By around 2015, the value case shifted to the “digital gold” argument. Bitcoin would be a value anchor to crypto and used for transferring traditional currencies in and out of crypto, the way gold was a value anchor to paper currencies for centuries, used for settling accounts among central banks.

From this view the value of Bitcoin depends on three things: the ultimate value of crypto projects, the amount of traditional currency moving in and out of crypto, and whether alternative means of providing a banking system for the crypto economy prove superior.

The first, the value of crypto projects, is basically a technology venture investment — lots of exciting ideas that might change the world and be worth trillions; little actual revenue or profit in traditional currency terms.

Traditional currency moving in and out of crypto has been subject to boom and bust, or in crypto-speak, summer and winter. In crypto summer, lots of money flows in, but also lots of crypto people cash out at least some gains. Moreover, people use Bitcoin to move from one crypto project to another. In crypto winter, there is little flow in either direction, thus little demand for Bitcoin financial services.

The least volatile element has been in financial services competition. Bitcoin has rapidly improved its connections with traded public futures and options, efficient borrowing and lending, secure custody and other aspects of a sophisticated modern financial system. If a spot Bitcoin exchange-traded fund is approved by the Securities and Exchange Commission in January, as expected, this will improve matters. Everything people do with stocks and bonds — invest, raise capital, hedge, speculate, exchange, hold — they can do at least as efficiently with Bitcoin, which also offers immediate access to the full crypto economy.

Stablecoins have achieved niche success in comparison. Only Ethereum among other cryptocurrencies has developed any sort of native financial system, and it lags far behind Bitcoin. Attempts by traditional financial institutions to harness blockchain and other crypto technologies also have niche successes, but they do not threaten Bitcoin’s hegemony. Some major attempts to build financial services directly into crypto, like FTX and Celsius Network, collapsed in 2022, and all were tainted by the fallout.

This three-step value proposition explains the unstable correlations.

The market value of crypto projects depends on investor enthusiasm for technology ventures, which has a high correlation to technology stocks. But the enthusiasm for putting money into crypto often has the reverse correlation, with disappointing tech returns sending optimists and risk-lovers to crypto.

The latest doubling of Bitcoin prices seems mostly related to increasing regulatory clarity and tolerance, which does not seem to extend to stablecoins or other crypto. This enhances both the efficiency of the Bitcoin financial and banking system, and insulates it from competitors. Regulatory attitudes are mostly uncorrelated with asset prices.

With no obvious triggers for changes in crypto project successes or enthusiasm for crypto trading on the horizon, the near-term outlook for Bitcoin seems to depend mostly on regulatory news, especially the approval of spot Bitcoin ETFs.

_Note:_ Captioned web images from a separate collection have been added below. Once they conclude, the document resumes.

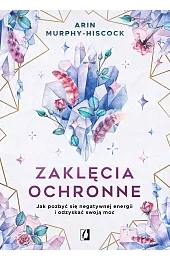 Zaklęcia ochronne. Jak pozbyć się negatywnej energii i odzyskać swoją moc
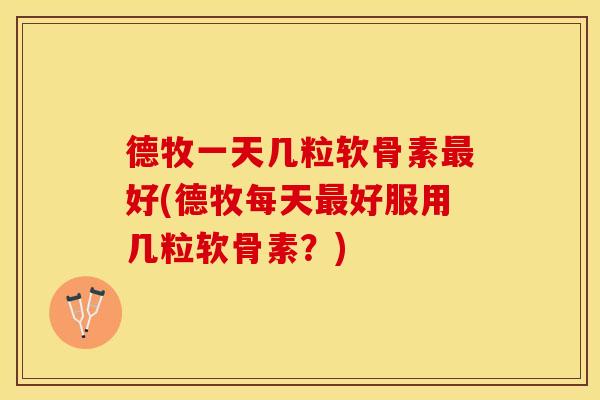 德牧一天几粒软骨素最好(德牧每天最好服用几粒软骨素？)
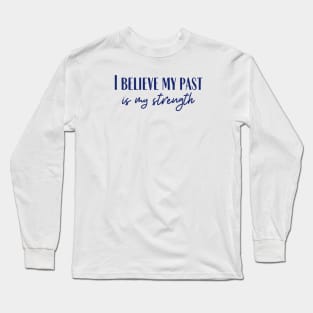 My Strength Long Sleeve T-Shirt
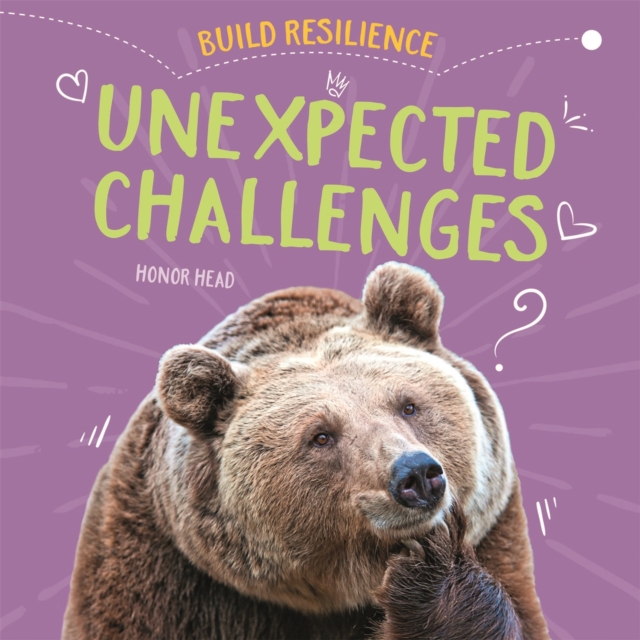 Build Resilience: Unexpected Challenges, Hardback Book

Beyond that, there is always the possibility of pullbacks or bumps in the road, especially if there are new crypto scandals.

Competition from stablecoins, traditional finance and crypto-native institutions is near zero, so any progress there can only be negative for Bitcoin. My guess is that the next Bitcoin doubling will be driven by the long-awaited crypto “killer app” that persuades millions of people to learn and use crypto, not just hold or trade it. The other possibility is problems in the traditional financial system — a crisis, increased repression, inflation fears, a credit crunch — will make Bitcoin relatively attractive.

We are close to the time when even very traditional investors, generally skeptical about crypto, should accept that it’s safer to have a small allocation to Bitcoin than to ignore it. Crypto might still all go to zero, but there’s enough potential upside that no exposure is an unbalanced portfolio.